问题
I am working on an as close to real-time
system as possible in linux and need to send about 600-800 bytes in a TCP packet as soon as I receive a specific packet.
For best possible latencies I want this packet to be sent directly from the kernel instead of it the received packet going all the way up to the userspace and the applicaiton and then making its way back.
If I were on windows I'd have written an NDIS filter which I would cache the packet to be sent with and the matching parameters so that it would check the received packet and on a match fire the pre-cached packet onto the network without passing the received packet up to the higher layers.
So my question is what is the closest analogue of an NDIS filter on linux?
I have read about netfilter and perhaps that is what I would use, but I do not know if it is the best way possible.

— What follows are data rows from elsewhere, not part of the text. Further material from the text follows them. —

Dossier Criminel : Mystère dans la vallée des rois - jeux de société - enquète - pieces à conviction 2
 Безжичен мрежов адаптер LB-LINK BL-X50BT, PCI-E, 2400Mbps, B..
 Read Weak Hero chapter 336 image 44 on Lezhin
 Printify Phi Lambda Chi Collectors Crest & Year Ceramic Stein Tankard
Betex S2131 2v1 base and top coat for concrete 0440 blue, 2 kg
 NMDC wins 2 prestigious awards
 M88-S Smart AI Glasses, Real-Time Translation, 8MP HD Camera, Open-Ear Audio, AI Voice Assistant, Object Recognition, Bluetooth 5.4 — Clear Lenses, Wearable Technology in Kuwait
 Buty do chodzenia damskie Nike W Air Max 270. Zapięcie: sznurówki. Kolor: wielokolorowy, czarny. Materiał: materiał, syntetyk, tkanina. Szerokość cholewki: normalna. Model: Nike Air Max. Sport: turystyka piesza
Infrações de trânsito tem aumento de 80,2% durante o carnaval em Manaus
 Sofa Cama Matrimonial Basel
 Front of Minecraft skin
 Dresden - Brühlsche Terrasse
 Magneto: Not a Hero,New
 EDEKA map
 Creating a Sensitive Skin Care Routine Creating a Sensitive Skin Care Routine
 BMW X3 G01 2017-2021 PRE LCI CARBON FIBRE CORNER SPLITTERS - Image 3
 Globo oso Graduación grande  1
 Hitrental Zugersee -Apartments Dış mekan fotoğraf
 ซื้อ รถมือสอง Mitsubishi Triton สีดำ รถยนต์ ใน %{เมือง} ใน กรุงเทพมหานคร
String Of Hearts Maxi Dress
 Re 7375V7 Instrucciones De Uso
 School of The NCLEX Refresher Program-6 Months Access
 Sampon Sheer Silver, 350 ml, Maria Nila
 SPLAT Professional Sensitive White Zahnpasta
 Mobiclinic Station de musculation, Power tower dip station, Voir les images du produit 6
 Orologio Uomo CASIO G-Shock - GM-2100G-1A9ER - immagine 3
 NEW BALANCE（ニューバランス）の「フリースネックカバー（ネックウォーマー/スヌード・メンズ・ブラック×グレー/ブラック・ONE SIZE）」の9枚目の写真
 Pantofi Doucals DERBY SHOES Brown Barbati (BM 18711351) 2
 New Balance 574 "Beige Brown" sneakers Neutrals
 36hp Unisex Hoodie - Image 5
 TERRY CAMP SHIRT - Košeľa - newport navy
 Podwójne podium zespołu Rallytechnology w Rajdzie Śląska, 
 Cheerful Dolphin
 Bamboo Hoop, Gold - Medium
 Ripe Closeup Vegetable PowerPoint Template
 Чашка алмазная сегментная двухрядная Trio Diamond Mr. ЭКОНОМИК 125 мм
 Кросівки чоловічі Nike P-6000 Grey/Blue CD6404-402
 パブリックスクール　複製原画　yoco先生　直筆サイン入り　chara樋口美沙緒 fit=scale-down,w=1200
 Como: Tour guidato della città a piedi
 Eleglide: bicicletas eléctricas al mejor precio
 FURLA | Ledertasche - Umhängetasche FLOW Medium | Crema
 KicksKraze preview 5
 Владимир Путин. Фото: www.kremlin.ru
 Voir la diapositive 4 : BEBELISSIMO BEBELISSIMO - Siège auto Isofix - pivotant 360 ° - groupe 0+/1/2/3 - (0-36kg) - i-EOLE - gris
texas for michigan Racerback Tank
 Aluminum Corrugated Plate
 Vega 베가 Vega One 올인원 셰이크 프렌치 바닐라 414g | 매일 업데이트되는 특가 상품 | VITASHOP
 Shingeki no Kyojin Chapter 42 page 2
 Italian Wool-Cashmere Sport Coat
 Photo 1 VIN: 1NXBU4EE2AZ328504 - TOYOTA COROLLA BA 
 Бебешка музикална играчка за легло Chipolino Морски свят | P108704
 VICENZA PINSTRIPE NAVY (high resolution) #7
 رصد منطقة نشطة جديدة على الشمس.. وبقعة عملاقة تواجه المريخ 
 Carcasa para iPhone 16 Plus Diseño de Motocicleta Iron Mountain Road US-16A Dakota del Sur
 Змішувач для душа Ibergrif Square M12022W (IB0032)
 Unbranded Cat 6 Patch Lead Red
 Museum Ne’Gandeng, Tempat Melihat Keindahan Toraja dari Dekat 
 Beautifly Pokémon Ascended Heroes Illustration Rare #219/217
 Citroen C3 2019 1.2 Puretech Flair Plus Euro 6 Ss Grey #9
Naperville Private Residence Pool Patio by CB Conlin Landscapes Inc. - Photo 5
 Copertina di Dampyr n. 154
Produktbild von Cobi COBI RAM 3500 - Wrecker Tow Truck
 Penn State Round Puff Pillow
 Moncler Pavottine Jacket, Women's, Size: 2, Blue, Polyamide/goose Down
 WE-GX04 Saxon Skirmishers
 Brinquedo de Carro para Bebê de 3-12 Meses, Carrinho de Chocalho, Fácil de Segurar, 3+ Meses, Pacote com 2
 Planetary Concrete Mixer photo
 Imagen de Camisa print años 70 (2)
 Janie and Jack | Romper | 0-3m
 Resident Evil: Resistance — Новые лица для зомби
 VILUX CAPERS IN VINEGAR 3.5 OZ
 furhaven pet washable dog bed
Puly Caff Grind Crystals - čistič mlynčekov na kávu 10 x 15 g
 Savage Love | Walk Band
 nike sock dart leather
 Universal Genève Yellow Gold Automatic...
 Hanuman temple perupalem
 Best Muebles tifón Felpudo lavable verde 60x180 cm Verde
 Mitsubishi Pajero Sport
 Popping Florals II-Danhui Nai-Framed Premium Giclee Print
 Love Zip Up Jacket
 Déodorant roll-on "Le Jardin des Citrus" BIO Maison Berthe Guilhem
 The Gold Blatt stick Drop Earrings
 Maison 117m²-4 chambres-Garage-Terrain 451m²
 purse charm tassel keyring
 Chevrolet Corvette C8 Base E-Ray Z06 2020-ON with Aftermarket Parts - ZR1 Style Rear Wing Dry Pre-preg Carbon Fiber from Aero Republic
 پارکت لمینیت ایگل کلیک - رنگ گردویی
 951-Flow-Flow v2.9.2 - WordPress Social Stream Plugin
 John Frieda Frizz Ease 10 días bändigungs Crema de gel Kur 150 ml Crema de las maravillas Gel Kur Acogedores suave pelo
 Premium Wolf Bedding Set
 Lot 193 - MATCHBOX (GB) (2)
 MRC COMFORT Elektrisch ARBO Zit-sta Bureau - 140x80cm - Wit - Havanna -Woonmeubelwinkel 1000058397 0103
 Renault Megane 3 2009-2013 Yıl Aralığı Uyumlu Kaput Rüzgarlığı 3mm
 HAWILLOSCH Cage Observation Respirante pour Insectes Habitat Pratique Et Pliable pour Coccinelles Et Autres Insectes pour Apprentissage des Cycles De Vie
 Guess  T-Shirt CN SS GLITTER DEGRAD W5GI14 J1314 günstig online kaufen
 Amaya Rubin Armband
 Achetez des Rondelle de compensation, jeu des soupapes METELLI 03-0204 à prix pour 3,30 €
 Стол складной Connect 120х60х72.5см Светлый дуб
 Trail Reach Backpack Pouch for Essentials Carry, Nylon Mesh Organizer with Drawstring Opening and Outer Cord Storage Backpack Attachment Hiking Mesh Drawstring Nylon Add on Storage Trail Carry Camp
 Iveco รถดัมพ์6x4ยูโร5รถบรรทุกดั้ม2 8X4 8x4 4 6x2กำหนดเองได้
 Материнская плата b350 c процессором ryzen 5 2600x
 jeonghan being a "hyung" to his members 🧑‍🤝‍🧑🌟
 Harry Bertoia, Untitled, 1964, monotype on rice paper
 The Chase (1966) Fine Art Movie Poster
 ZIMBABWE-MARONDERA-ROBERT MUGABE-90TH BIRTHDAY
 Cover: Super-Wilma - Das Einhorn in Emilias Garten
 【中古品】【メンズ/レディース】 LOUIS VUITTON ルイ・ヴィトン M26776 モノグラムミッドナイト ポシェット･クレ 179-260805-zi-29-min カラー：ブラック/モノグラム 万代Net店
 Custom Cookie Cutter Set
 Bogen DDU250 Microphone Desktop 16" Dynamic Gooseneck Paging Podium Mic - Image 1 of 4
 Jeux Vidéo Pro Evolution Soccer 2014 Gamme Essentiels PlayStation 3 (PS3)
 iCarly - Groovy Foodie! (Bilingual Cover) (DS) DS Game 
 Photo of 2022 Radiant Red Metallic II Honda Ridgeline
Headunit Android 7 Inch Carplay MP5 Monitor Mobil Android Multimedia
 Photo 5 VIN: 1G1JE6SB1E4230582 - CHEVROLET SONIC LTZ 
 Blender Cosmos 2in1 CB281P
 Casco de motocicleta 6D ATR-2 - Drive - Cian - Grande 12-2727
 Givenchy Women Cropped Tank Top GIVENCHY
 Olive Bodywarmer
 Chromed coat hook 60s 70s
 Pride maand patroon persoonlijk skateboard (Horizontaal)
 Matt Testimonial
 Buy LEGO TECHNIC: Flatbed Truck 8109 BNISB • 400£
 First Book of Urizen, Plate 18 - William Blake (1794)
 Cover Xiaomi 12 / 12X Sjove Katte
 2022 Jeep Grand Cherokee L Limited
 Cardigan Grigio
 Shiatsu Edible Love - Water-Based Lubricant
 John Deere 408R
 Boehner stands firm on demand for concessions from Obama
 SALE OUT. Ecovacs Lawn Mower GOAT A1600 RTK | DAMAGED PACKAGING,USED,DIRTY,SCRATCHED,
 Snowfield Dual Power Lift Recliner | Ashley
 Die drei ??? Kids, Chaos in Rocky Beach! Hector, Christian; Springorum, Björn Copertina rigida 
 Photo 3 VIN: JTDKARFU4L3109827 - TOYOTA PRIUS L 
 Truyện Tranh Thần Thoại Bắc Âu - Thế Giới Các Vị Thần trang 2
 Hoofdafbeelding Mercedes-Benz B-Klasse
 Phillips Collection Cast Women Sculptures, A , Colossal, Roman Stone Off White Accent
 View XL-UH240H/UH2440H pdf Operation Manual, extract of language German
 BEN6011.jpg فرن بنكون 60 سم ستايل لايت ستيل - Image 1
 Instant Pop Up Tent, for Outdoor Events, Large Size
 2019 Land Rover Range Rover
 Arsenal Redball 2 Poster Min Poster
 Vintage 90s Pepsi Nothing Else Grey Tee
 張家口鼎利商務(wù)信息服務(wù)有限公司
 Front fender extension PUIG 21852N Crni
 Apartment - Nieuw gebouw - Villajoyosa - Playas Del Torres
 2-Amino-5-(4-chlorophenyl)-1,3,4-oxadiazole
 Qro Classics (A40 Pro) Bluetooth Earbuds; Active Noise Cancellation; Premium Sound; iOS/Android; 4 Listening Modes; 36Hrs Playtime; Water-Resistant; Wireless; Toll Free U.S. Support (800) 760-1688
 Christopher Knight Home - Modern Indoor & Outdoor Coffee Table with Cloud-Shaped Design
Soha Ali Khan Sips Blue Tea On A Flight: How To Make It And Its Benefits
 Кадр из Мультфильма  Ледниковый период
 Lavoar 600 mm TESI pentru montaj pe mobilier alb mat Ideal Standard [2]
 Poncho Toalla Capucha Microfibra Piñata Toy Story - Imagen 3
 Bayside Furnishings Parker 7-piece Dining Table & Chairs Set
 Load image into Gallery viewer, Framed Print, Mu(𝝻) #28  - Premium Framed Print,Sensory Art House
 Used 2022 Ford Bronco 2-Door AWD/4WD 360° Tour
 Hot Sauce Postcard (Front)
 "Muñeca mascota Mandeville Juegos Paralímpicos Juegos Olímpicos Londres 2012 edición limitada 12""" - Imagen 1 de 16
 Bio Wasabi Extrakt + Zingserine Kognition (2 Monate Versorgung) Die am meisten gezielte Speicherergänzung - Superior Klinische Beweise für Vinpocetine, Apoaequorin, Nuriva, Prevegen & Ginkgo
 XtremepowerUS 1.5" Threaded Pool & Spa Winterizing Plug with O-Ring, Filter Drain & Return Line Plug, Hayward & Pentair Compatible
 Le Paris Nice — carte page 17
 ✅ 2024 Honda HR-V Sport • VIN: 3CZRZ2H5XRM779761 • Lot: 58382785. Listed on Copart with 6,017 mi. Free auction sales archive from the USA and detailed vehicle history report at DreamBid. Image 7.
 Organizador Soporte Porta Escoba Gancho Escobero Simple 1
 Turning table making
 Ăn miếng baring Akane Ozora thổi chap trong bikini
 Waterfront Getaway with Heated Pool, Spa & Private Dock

What else could I do to achieve lowest-possible latencies?
My current purely userspace code gives me about 80-100 micro seconds on an Intel Xeon 3.7 GHz processor running Ubuntu 10.04 on 2.6.3x kernel.
回答1:
You can use the iptables
target NFLOG
to copy packets out to userspace or NFQUEUE
to allow userspace to mangle them. This interaction happens over netlink, but you can use libraries such as libnetfilter_log and libnetfilter_queue which wrap around it.
回答2:
There is similar mechanism in Linux kernel called BPF ( Berkeley packet filter). Register a BPF filter into kernel from your application. The packets matching the filter would be captured and forwarded to registered hook function.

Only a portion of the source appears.